Plus, it hasn't been said so far, but even though you can spend multiple orders per turn on a unit, once a unit reaches it's fatigue limit (usually 3 for military units) it spends double orders every move. Also, hills and trees really dampen how far a unit can move per order.

When you say "OMG you can move a unit across the map so far", the reality is that one unit isn't going to do much. You'd need 4-5 good units to kill a defender. To move those 4-5 units a good way, you're talking at least 35 orders. And then, if it's ONLY those 4-5 units you're moving, they're dead next turn anyways when the enemy moves their 50 units onto them. :)

So yes, the long move is situational, but you still need an en masse normal movement of units without inflicting forced march too much. Which really stops the whole "You moved an army halfway across the map" issue.
 
Oh and for god's sake........

Use bloody scouts!

Avoid the surprise from the start, and know where your enemy is.
 
For both reasons really. Setting up agent networks, but also well placed scouts can keep all approaches visible.
 
Compared to civ, units move further but do less damage in Old World.
You'd need 4-5 good units to kill a defender.
Thx all for the info. Especially the above 2 sound reassuring for promoted frontline melee units. I guess there is also ZOC, so I guess promoted weaker units can be "shielded". Sounds good. Unrelated, but I don't want to start a new thread for this: do concrete buildings, infrastructure (or whatever its called here) have a 3D representation on the map or elsewhere like in civ 6, or just a bunch of icons, like in humankind?
 
Thx all for the info. Especially the above 2 sound reassuring for promoted frontline melee units. I guess there is also ZOC, so I guess promoted weaker units can be "shielded". Sounds good. Unrelated, but I don't want to start a new thread for this: do concrete buildings, infrastructure (or whatever its called here) have a 3D representation on the map or elsewhere like in civ 6, or just a bunch of icons, like in humankind?
Most buildings are built by a worker like in civ 6 and take up a tile with a 3D model.
 
Thx all for the info. Especially the above 2 sound reassuring for promoted frontline melee units. I guess there is also ZOC, so I guess promoted weaker units can be "shielded". Sounds good. Unrelated, but I don't want to start a new thread for this: do concrete buildings, infrastructure (or whatever its called here) have a 3D representation on the map or elsewhere like in civ 6, or just a bunch of icons, like in humankind?

I think I know what you mean. Not "districts" or "tile improvements" but the infrastructure buildings made for the city centre? If that's what you mean, then Old World has "Projects", which sort of covers the same thing. Some of Old World's projects like wall, towers, moat are represent on the map with models, but some like festival are not.

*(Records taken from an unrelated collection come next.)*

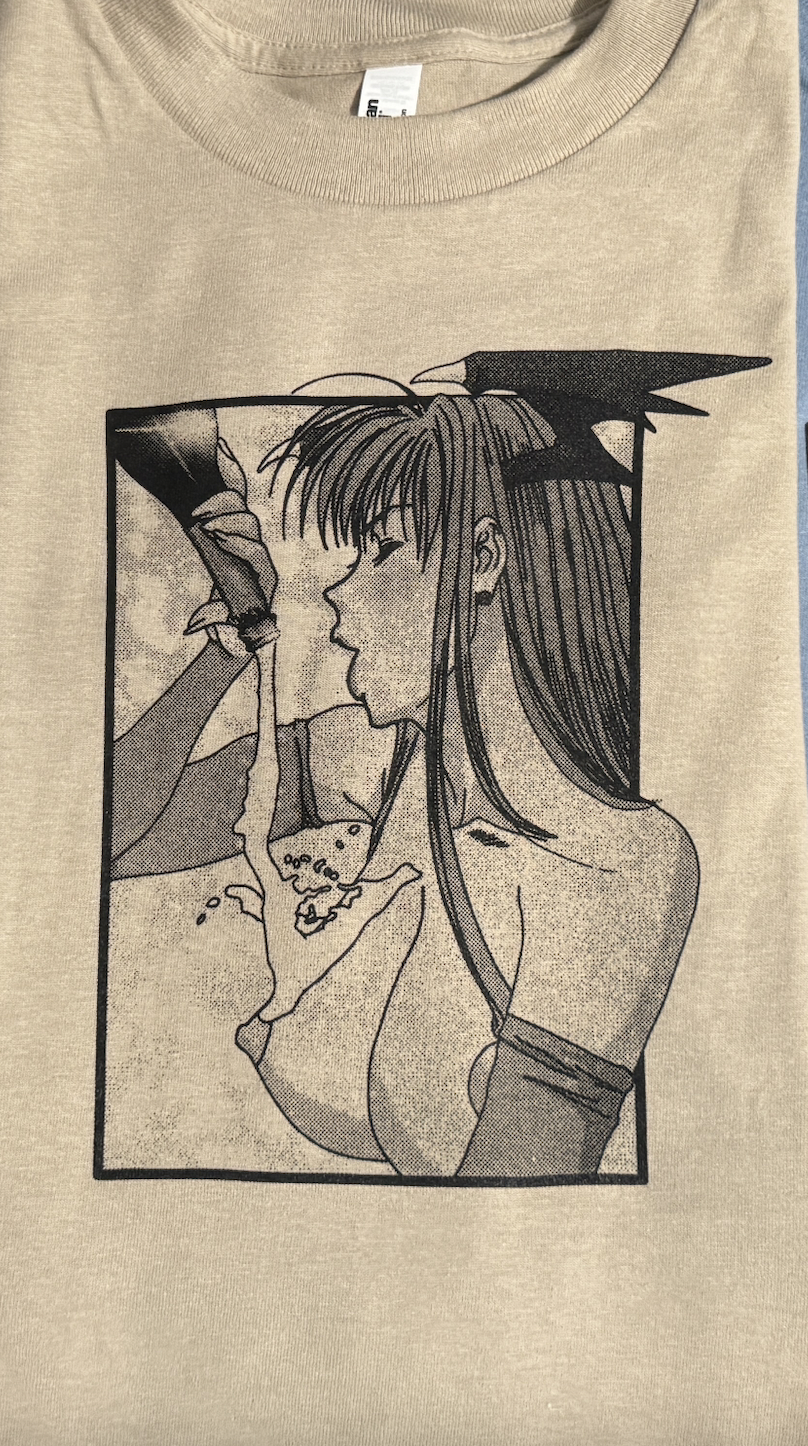 Morrigan Champagne *No Logo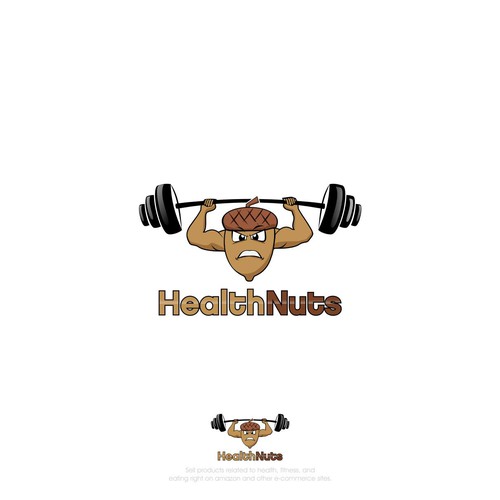 HEALTH NUTS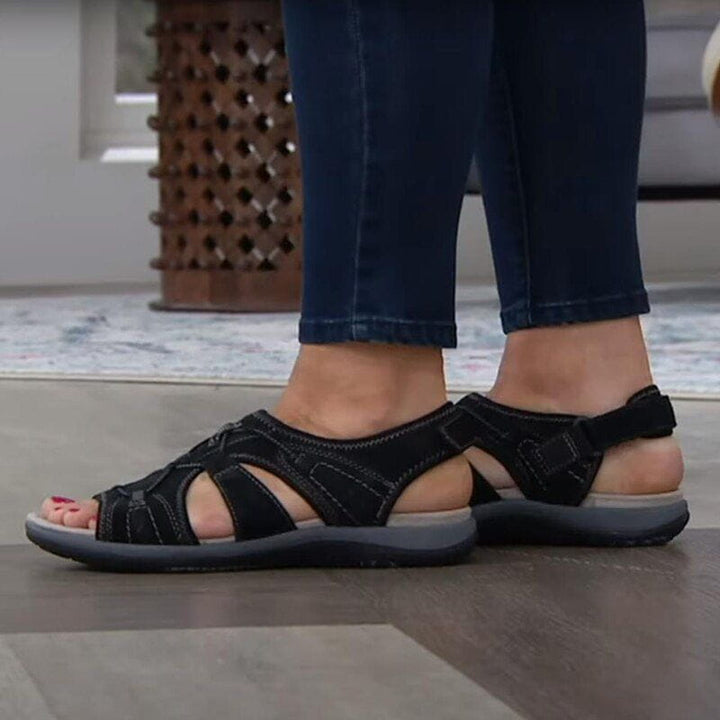 Kelly | Comfortable Sport Sandals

Old World's projects are city wide boosts, so it's hard to represent. For instance, the festival improves discontent, but can't really show that on the map physically. An inquiry results in a boost of science production, but can't be shown on the map.
 
I think I know what you mean. Not "districts" or "tile improvements" but the infrastructure buildings made for the city centre? If that's what you mean, then Old World has "Projects", which sort of covers the same thing. Some of Old World's projects like wall, towers, moat are represent on the map with models, but some like festival are not.

Old World's projects are city wide boosts, so it's hard to represent. For instance, the festival improves discontent, but can't really show that on the map physically. An inquiry results in a boost of science production, but can't be shown on the map.

Thanks for the info! Sounds good! I mean all three. I just like to see some graphical representation of concrete things I am building (where it is reasonable), like in civ games and unlike in humankind, endless legends or EU4 where most of these are just a bunch of lazy icons.